Tuesday, February 1, 2011

No Respite From All Around Selling


Market opened on a flat note but saw huge selling immediately especially in stocks like Tata Motors whose monthly sales figures disappointed the markets in a big way. Yesterday’s gainers like Bank of Baroda, Canara Bank and SBI gave up all its gains. Weakness and heavy selling by FIIs in Tata Motors and Reliance broke the strong Nifty Support of 5425 and the market finally closed on a very weak note.
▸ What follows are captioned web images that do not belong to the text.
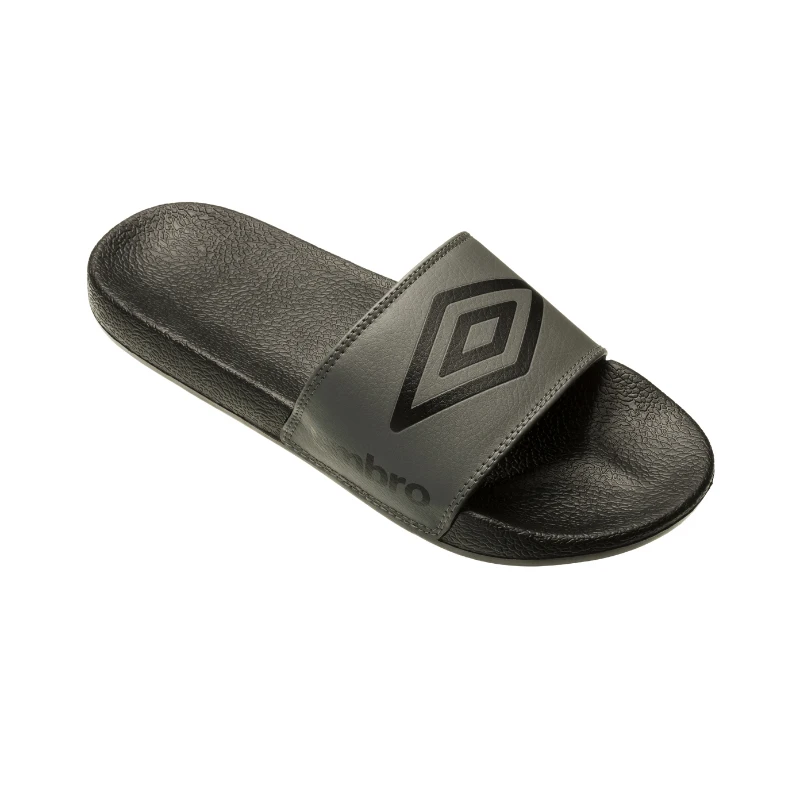 Custom logo eva plain slide sandal black pvc men slipper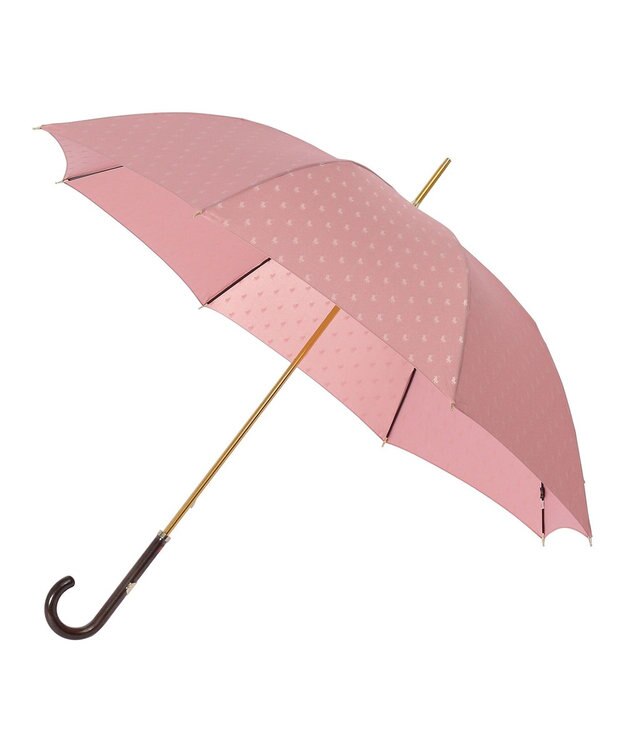 MOONBAT 【日本製】POLO RALPH LAUREN (ポロ ラルフローレン)長傘 ポロポニージャカード ペールピンク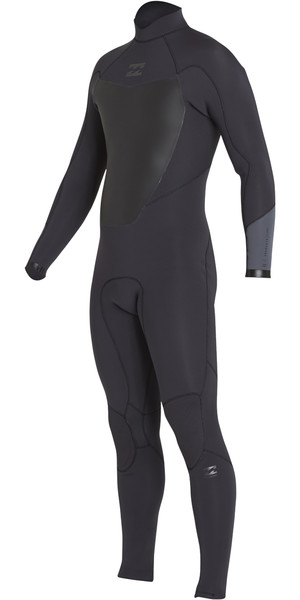 2018 Billabong Absolute 3/2mm Back Zip Flatlock Wetsuit BLACK SANDS H43M15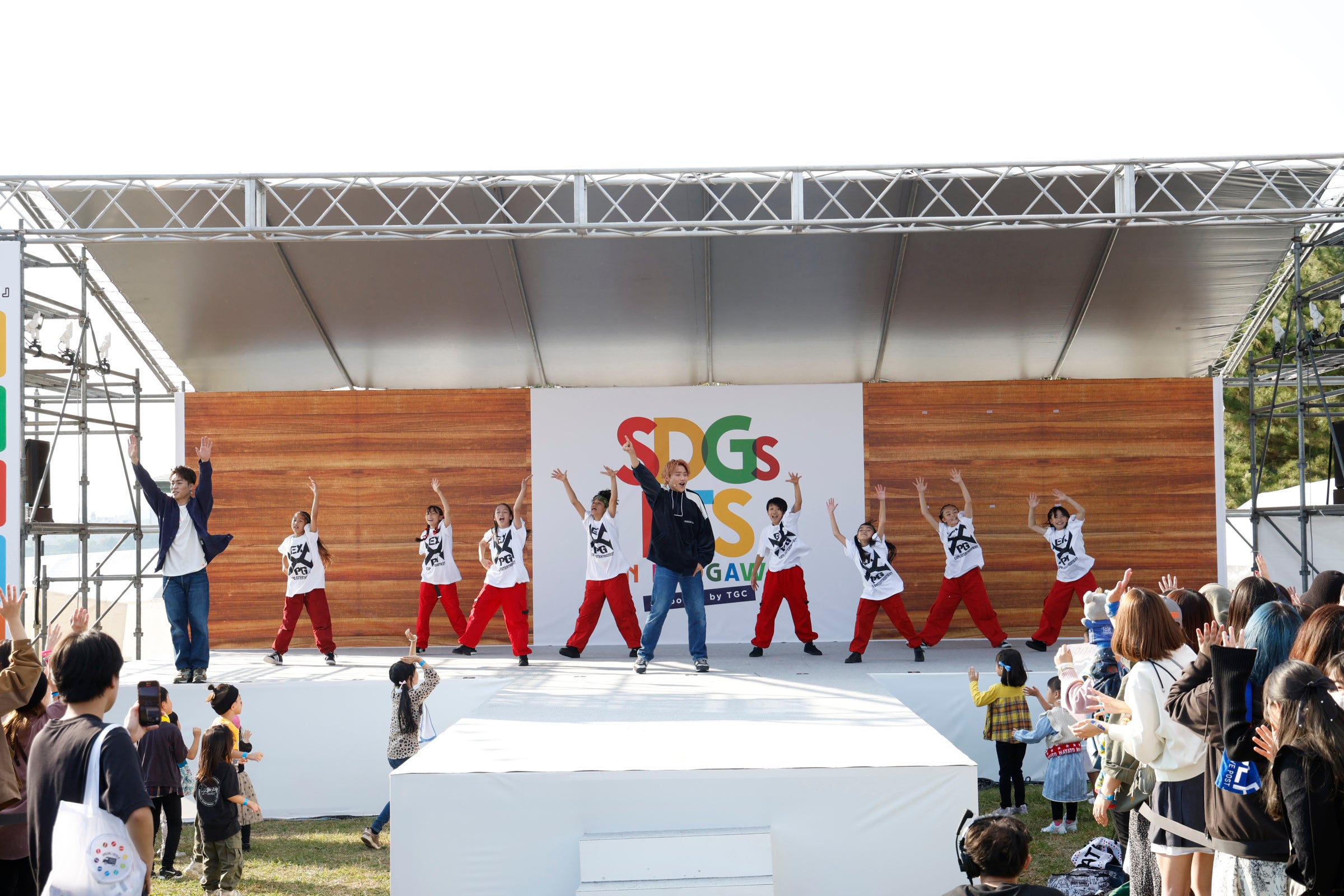 「EXILE TETSUYA with EXPG」の様子（C）SDGs FES in EDOGAWA 2023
The factors which are affecting the market in a big way are the macro concerns like interest rates, inflation figures and serious governance deficit which has weakened the sentiments in a very big way. ADAG stocks witnessed fresh bouts of selling as Reliance Infra closed below Rs.700 and Reliance Capital made an intraday breach of Rs.500. Titan made some brave attempts to rally but that too faced a lot of resistance around 3650 levels. The only stocks which showed some decent buying were HDFC and HDFC Bank.

There is very little one can do at this stage and hence it would be prudent to stay on sidelines. Bottom picking the market would be like catching a falling knife. Hence, we are of the view that one should not invest fresh money in the market till the time markets make a higher bottom at least on the hourly charts.

Nifty will now face strong resistance at 5450 and 5485 levels. It might find some support around 5350 levels and if this level is broken, the next important support lies only at 5295-5310 levels.